Although Ironmax has only been in business for two years, its growth and the acceptance of its services already surpassed its projections. According to Paradis, the RFQ service has been experiencing stable, double-digit growth, and its information products, just introduced in December 2000, appear to be growing even faster. He also believes that the use of Internet-based construction equipment services will accelerate as contractors and suppliers become more familiar with them.

The Internet marketplace is still in its infancy, and Ironmax and its competitors are busily developing new products and services that will extend the usefulness of the Internet to contractors even more. Paradis speaks for the fledgling industry when he says, "It is evident that the Internet is becoming a dominant platform for people to do business in the years ahead, and we want to take advantage of the opportunity to deliver better solutions to solve the construction industry’s problems."

Charles D. Bader is with Dateline II Communications in Los Angeles, CA.

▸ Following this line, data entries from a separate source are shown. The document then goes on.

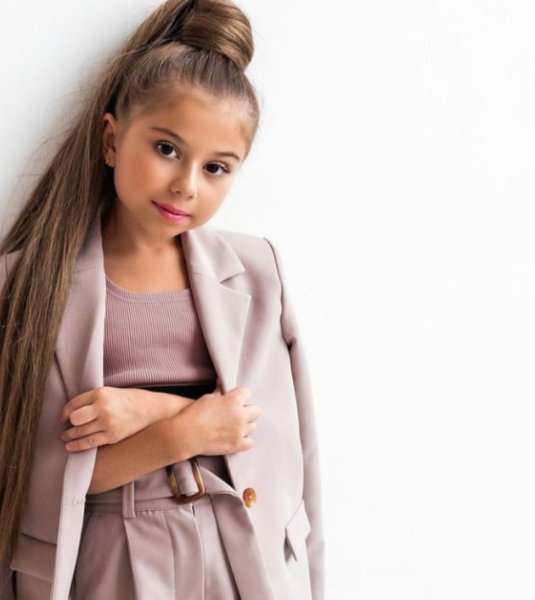 Рисование Милана Хаметова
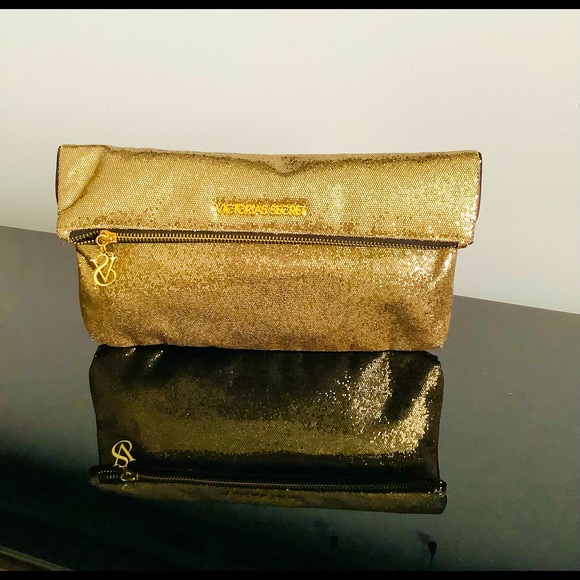 Victoria's Secret Handbags - Very dressy sequined clutch with mirror 🌟✨💫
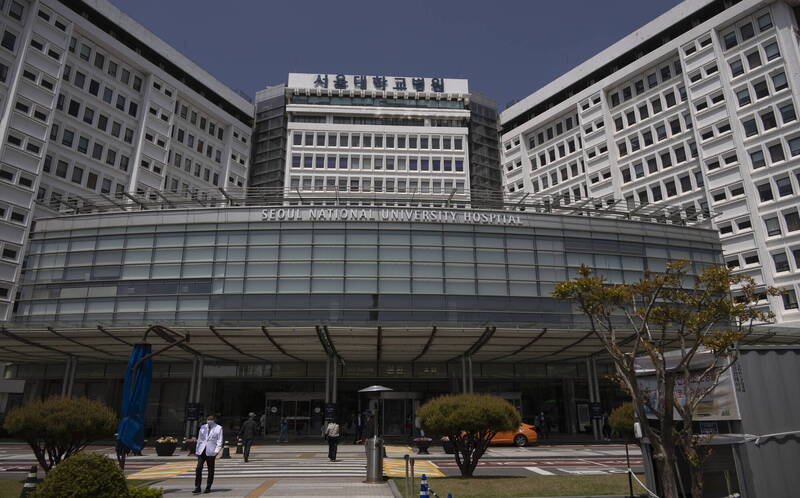 首爾大學醫學院暨首爾大醫院教授非常對策委員會今天表示，從17日起停止急診室及重症病房外所有診療。（歐新社）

Clark Construction Company is one of the largest construction companies on the East Coast with operations that have expanded throughout the country. Does it rent equipment or does it buy equipment? Mike Thompson, the company’s purchasing agent based in Bethesda, MD, gave us some answers.

"We acquire equipment ranging from small tools up to generators, compressors, heavy-duty cranes, and other big equipment. And our decision whether to rent or buy depends upon the equipment and the job it is needed for. Therefore, we gather a lot of information before we make a decision. As a minimum, we get a firm definition of the kind of equipment needed for the job and how long it will be needed for that job. Then we get daily, weekly, monthly, and extended-period quotes for rental of that equipment type from four vendors. We also determine what the replacement value would be if we purchased it.

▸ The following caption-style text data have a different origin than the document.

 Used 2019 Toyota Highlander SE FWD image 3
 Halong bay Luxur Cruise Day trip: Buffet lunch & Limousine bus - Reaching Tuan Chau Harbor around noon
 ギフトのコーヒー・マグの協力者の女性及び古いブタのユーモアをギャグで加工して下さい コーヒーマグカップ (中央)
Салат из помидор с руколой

"Then we calculate the rental cost by applying the monthly or extended-period rental rate to the length of time the equipment will be needed on this particular job. We compare that figure to the purchase price. If the total rental cost will be more than 60% to 70% of the purchase price, we are likely to buy it outright. On large equipment, that happens about 40% of the time.

"There are exceptions, of course. For example, even though we have a lot of compressors already in our fleet, we currently have so much work that most of them are in the field. Therefore, we’ll rent compressors–whatever the formula dictates. And that decision will change if the situation changes.

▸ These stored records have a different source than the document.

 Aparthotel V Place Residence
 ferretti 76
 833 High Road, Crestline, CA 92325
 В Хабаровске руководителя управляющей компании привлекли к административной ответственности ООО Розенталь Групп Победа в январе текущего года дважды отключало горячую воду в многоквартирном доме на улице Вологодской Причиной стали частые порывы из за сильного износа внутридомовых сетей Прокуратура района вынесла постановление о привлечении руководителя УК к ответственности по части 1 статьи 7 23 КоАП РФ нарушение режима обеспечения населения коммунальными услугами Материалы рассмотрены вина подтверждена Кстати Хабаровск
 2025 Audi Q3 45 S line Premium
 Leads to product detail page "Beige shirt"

"Even though we have jobs throughout the country, distance and location are not major factors in our rent-versus-buy decision. Today there are rental outlets in almost every area of the country, so we can rent with confidence from a local outlet of a reputable national company and rely on that outlet to provide the service. However, if the time period and the value dictate purchase, we are likely to do so even for remote jobs. If we do decide to purchase, we may use a maintenance crew for all the equipment on the site; otherwise we may locate an independent repair shop nearby.

"How do we dispose of all this owned equipment once its life span is over? We do sell some of it, but generally we just run it into the dirt and then scrap it for parts. We do rent a lot of equipment, but there are still many situations where purchased equipment can give us more value–not just over the life of a job, but thereafter too."